→ **What this task involves**: Your answer must restate the listing below word for word and contain no images.

→ **Recorded data**:
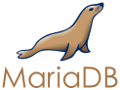 MariaDB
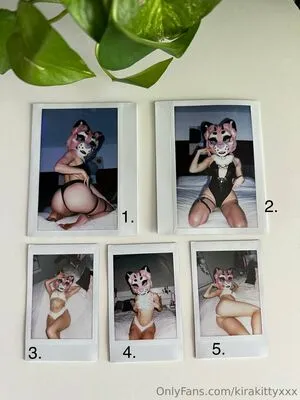Kirakittyxxx OnlyFans Leaked Free Thumbnail Picture - #SdMOYf47KU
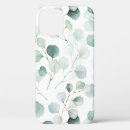 Search for mats iphone cases Botanical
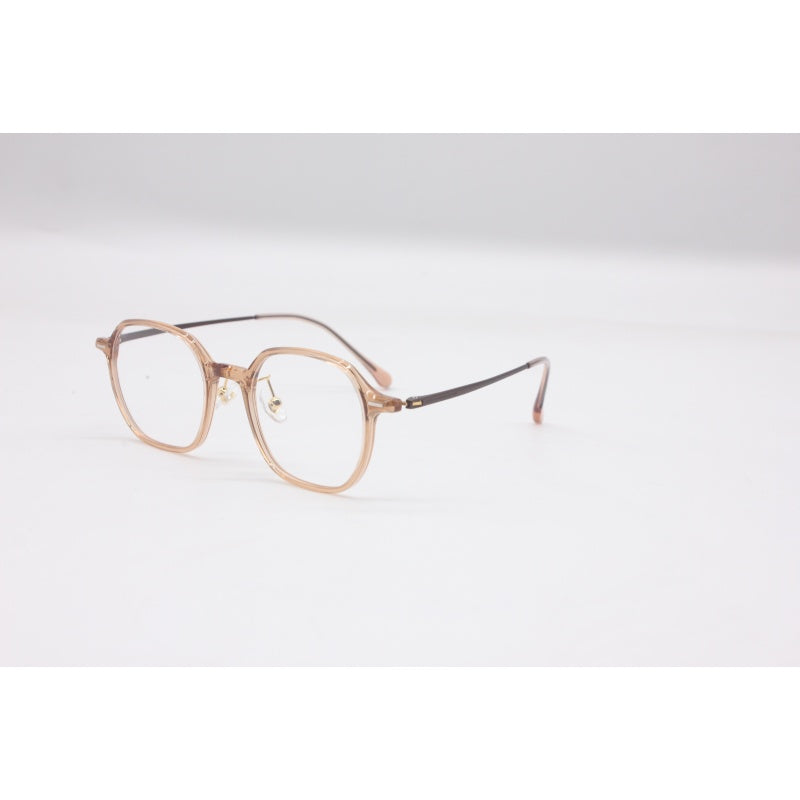C6095-TR & ULTEM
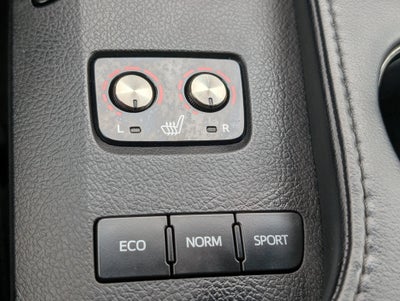 2015 Toyota Avalon XLE Touring SE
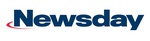 Newsday, Inc.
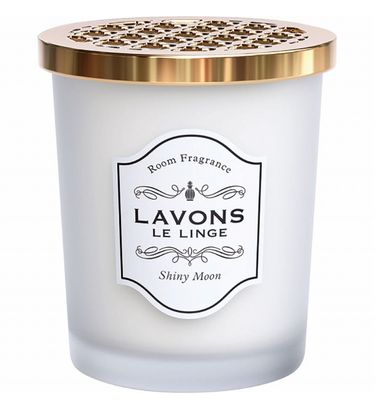LAVONS Room Fragrance Champagne Moon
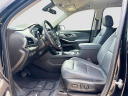 Thumbnail image of 2019 Chevrolet Traverse at DriversMartOfSanford of Sanford, FL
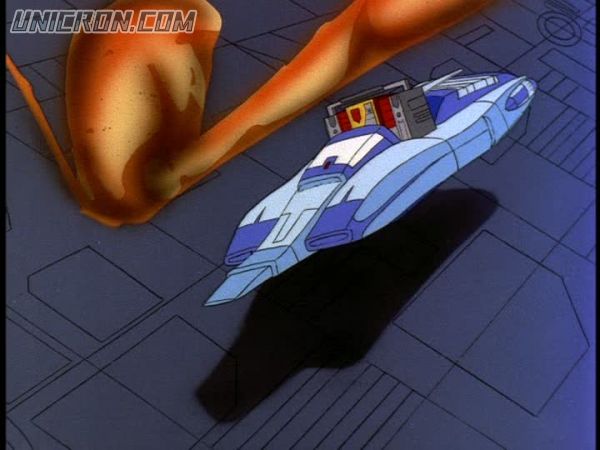 tf rotf00078 tf rotf00078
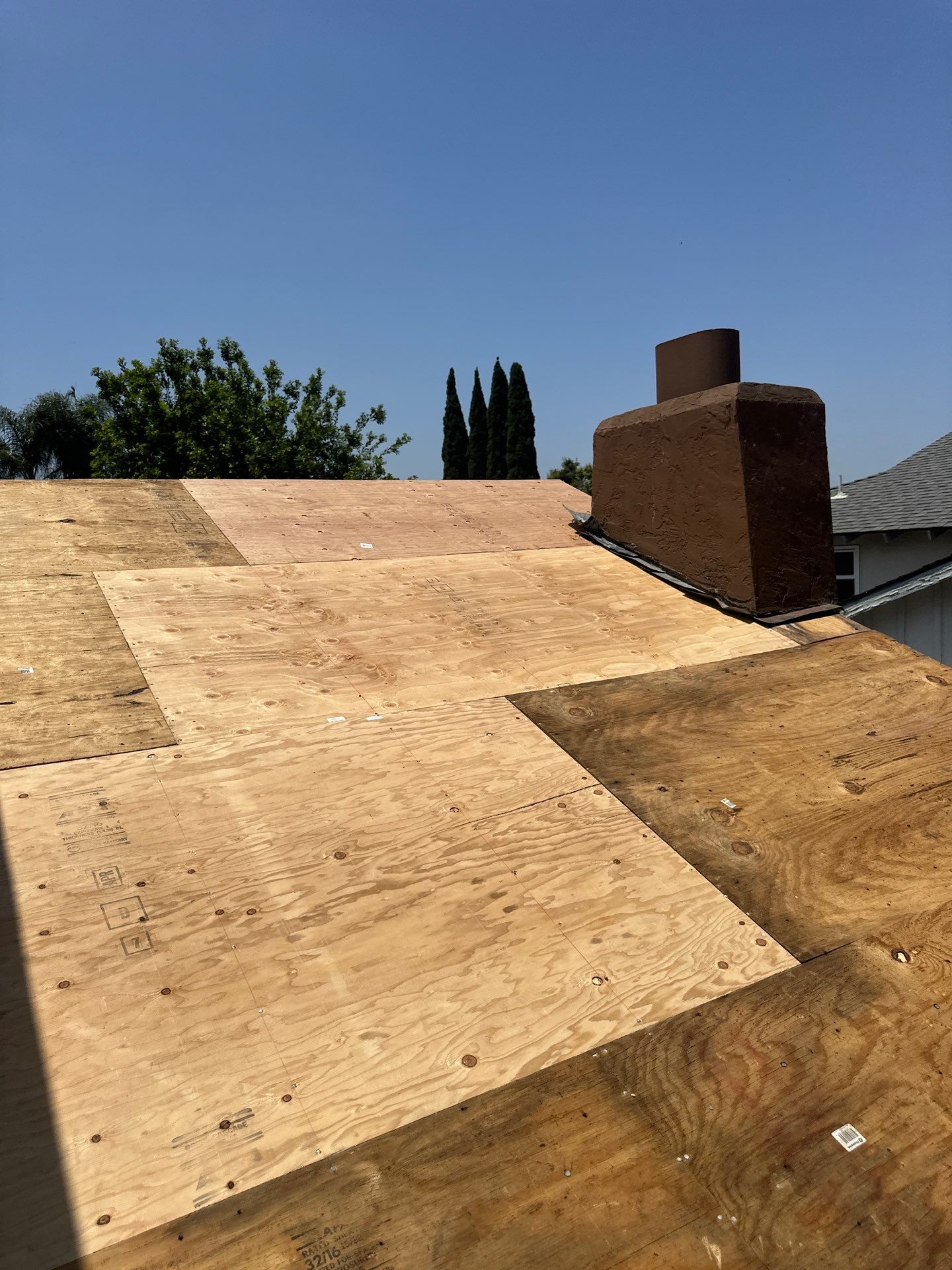 Roof Replacement - Anaheim, CA 92807 by Epic Roof Replacement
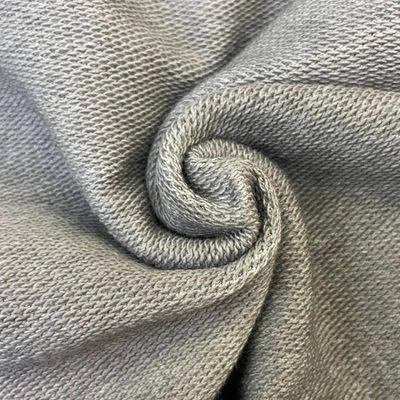 Stone Island — 8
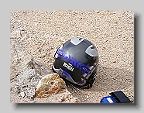 DSCF2864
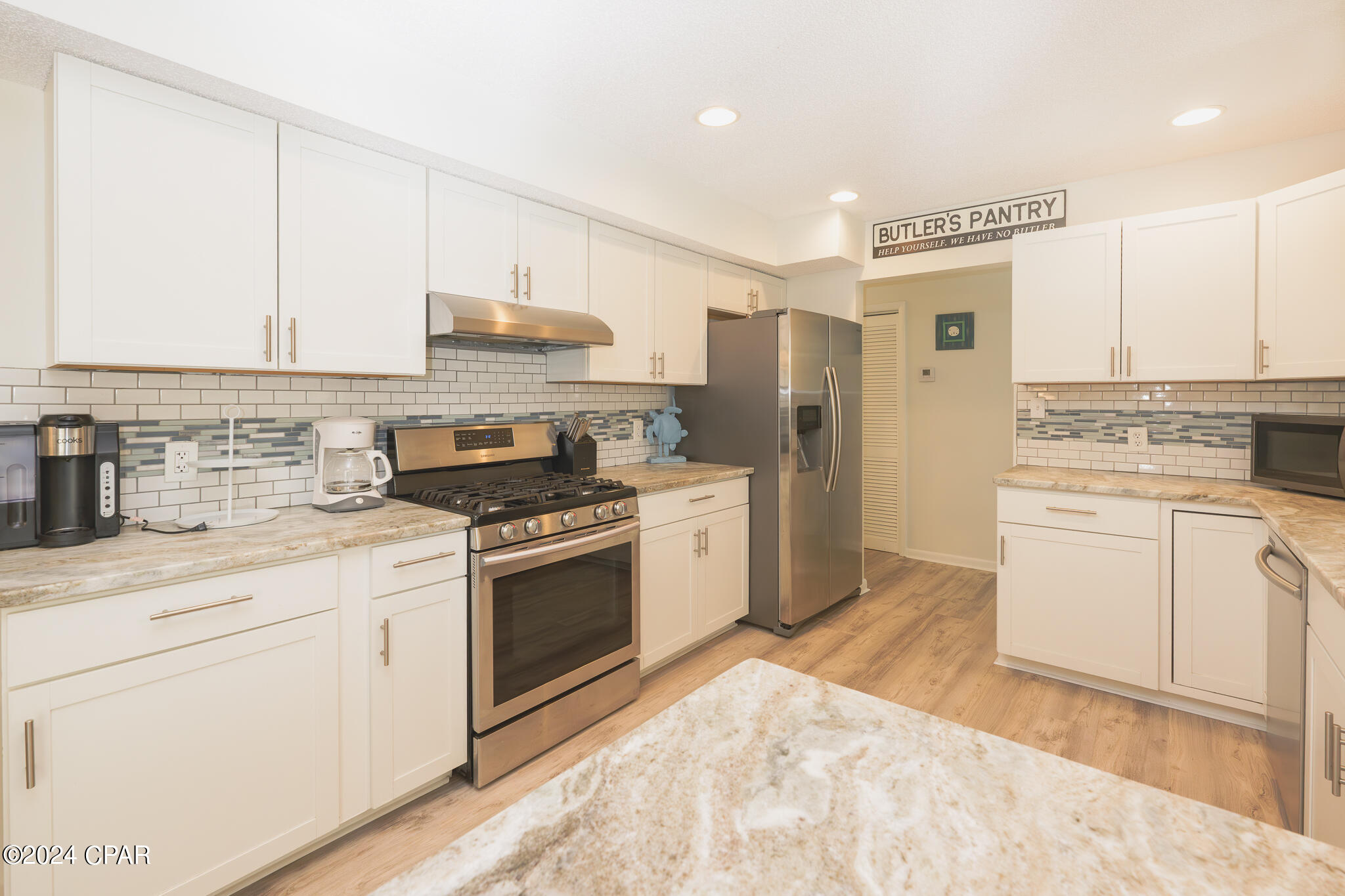 0dh6tpz2zmoaeh8yatnowjekqipfemh5k Bhhdlod9c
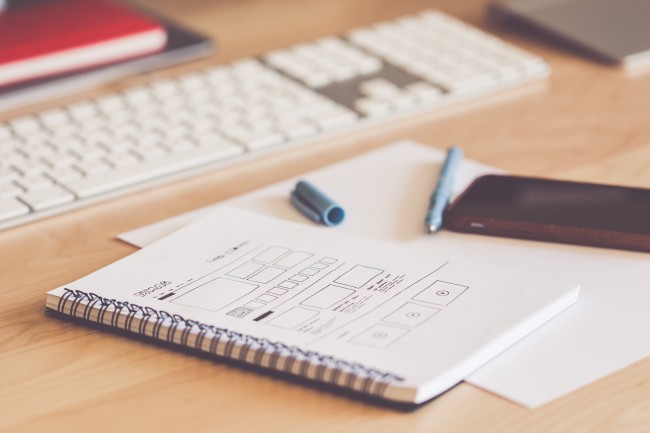 sketching-website-layout-wireframes-picjumbo-com-650x433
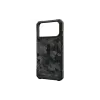 Primer UAG Pathfinder MagSafe, Midnight Camo (114549114061)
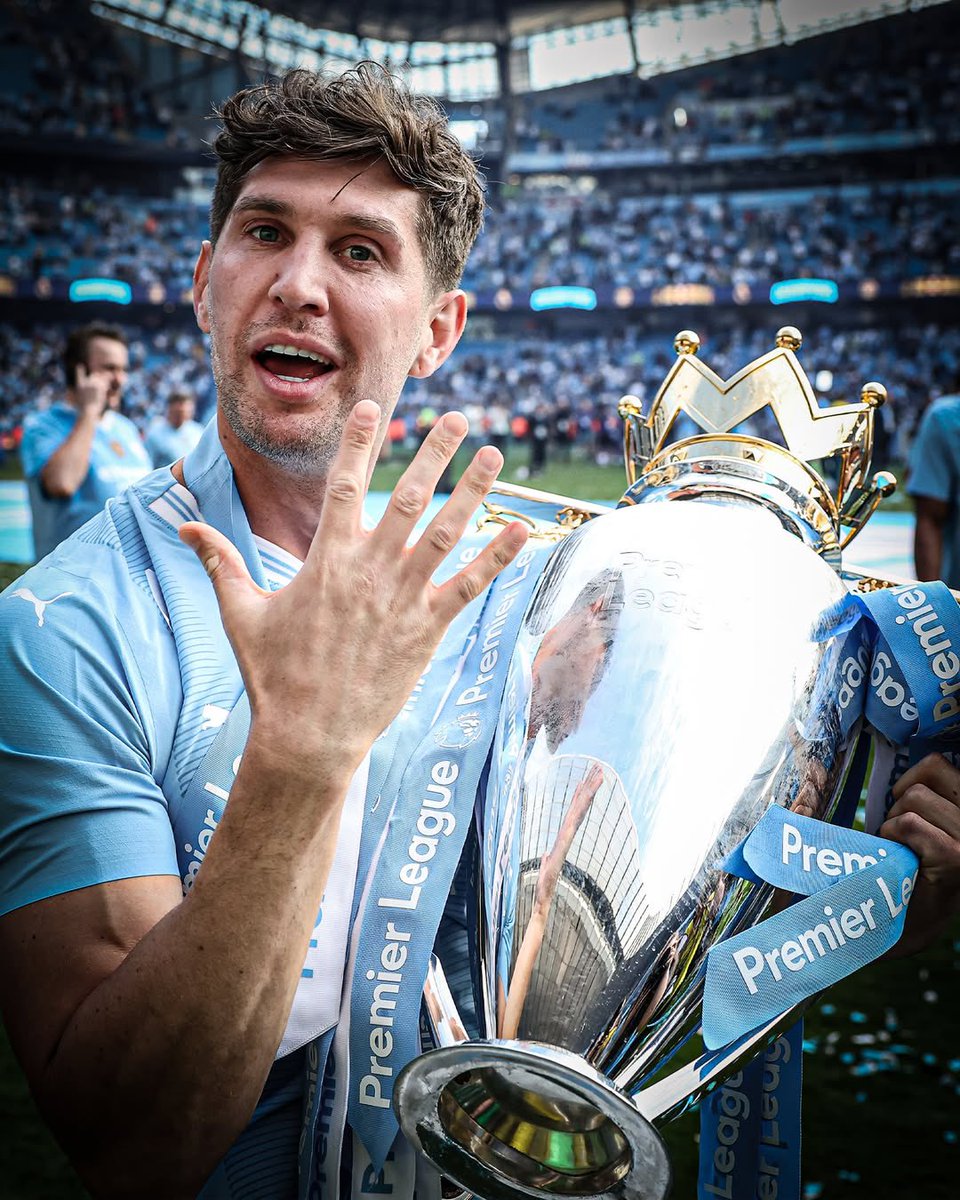 Blue Moon tweet media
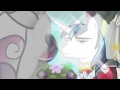 Shining Cadence - Love Is In Bloom (Twilight ...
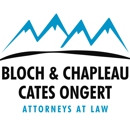 Bloch & Chapleau - Family Law Attorneys
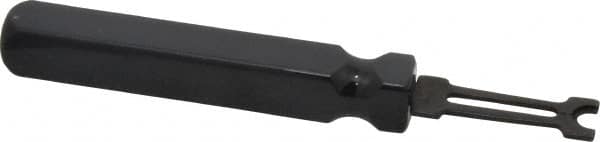 ROTOR CLIP A-120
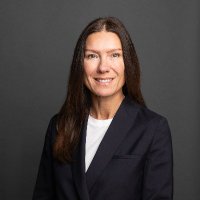 Cornelia Wiebe (@corneliawiebe) 's Twitter Profile Photo Cornelia Wiebe (@corneliawiebe) 's Twitter Profile Photo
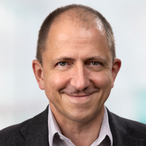 Prof. Dr. Peter Kohl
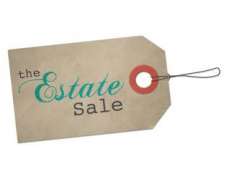 San Antonio Estate Sales and Liquidators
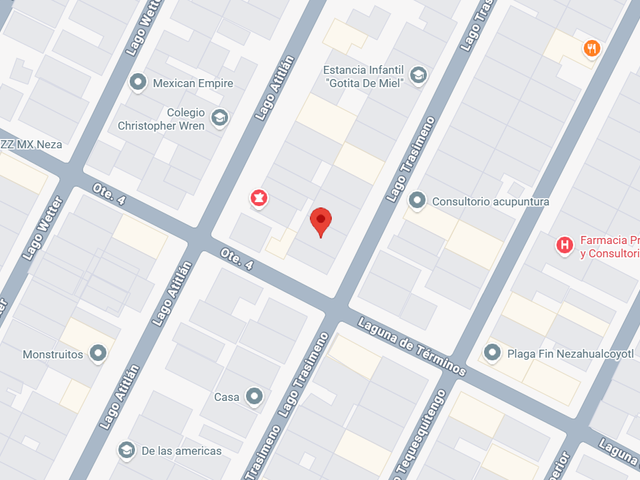 place photo 7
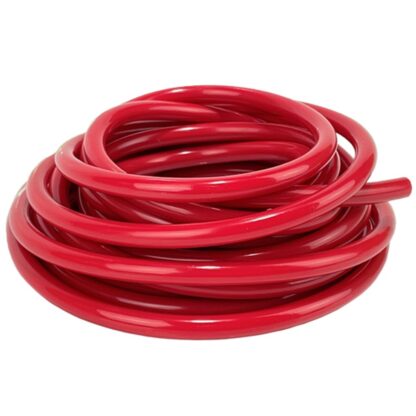 Balboa Air Red Vinyl Tube 63017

→ **Solution below**:
 MariaDB
Kirakittyxxx OnlyFans Leaked Free Thumbnail Picture - #SdMOYf47KU
 Search for mats iphone cases Botanical
C6095-TR & ULTEM
 2015 Toyota Avalon XLE Touring SE
 Newsday, Inc.
LAVONS Room Fragrance Champagne Moon
 Thumbnail image of 2019 Chevrolet Traverse at DriversMartOfSanford of Sanford, FL
 tf rotf00078 tf rotf00078
 Roof Replacement - Anaheim, CA 92807 by Epic Roof Replacement
 Stone Island — 8
 DSCF2864
 0dh6tpz2zmoaeh8yatnowjekqipfemh5k Bhhdlod9c
 sketching-website-layout-wireframes-picjumbo-com-650x433
 Primer UAG Pathfinder MagSafe, Midnight Camo (114549114061)
 Blue Moon tweet media
 Shining Cadence - Love Is In Bloom (Twilight ...
 Bloch & Chapleau - Family Law Attorneys
 ROTOR CLIP A-120
 Cornelia Wiebe (@corneliawiebe) 's Twitter Profile Photo Cornelia Wiebe (@corneliawiebe) 's Twitter Profile Photo
 Prof. Dr. Peter Kohl
 San Antonio Estate Sales and Liquidators
 place photo 7
 Balboa Air Red Vinyl Tube 63017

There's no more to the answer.